Gesichter und Geschichten vom Frieden

|   Vreden

Das einfache Wort "Frieden" kann vieles bedeuten: ein politischer Zustand, ein Gefühl, eine Lebenseinstellung, eine Philosophie. Fast jeder Mensch hat einen eigenen Friedensbegriff, eine eigene Geschichte, einen eigenen Weg zum Frieden. Um eben diese Geschichten geht es in der Sonderausstellung "(M)ein Weg zum Frieden" des kult Westmünsterland. Am Sonntag, 21. Oktober, um 11 Uhr, startet die Schau mit einer feierlichen Eröffnung. Neben Grußworten und Musik wird auch eine Führung durch die Ausstellung Hintergründe zur Entstehung des Projekts verraten.

Im Zentrum der Schau stehen 39 Menschen aus dem Münsterland, die auf ganz unterschiedliche Weise ihren Weg zum Frieden gefunden haben, anderen dabei helfen, Frieden zu finden oder sich für einen Weg zum Frieden einsetzen.
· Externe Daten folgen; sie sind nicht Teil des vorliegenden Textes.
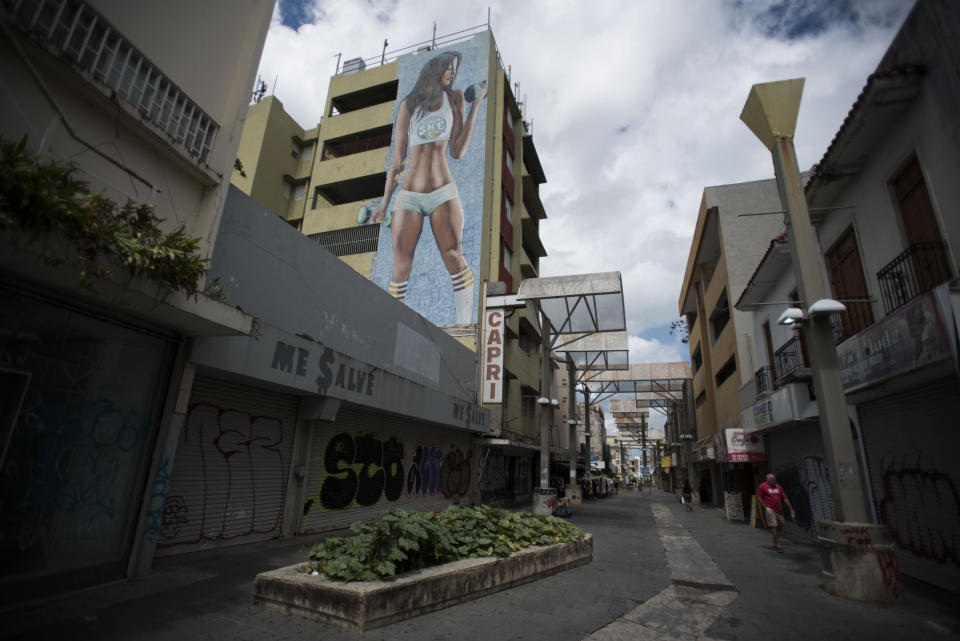 Shops are shuttered in the Paseo de Diego in San Juan, Puerto Rico, Wednesday, April 17, 2019. This central thoroughfare in Rio Piedras was filled years ago with stores that are closed and empty today. (AP Photo/Carlos Giusti)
Sie stammen aus verschiedenen Alters- und Sozialgruppen und haben ganz unterschiedliche Erfahrungen gemacht, Schicksalsschläge erlebt oder Friedensarbeit betrieben. "Durch die Vielzahl unterschiedlicher Einzelerfahrungen entsteht ein spannendes Bild von der Vieldeutigkeit des Friedens. Frieden ist für jeden Menschen etwas anderes", stellt Corinna Endlich, Leiterin des kult Westmünsterland, fest. In der Schau werden diese Menschen durch Fotoportraits präsentiert, die durch den renommierten Düsseldorfer Fotografen Alexander Basta angefertigt worden sind. Sehr kunstvoll gelingt es Basta, in seinen Bildern den Charakter der abgebildeten Personen einzufangen. Ergänzt werden die Portraits durch die Geschichten, die als Texte präsentiert werden.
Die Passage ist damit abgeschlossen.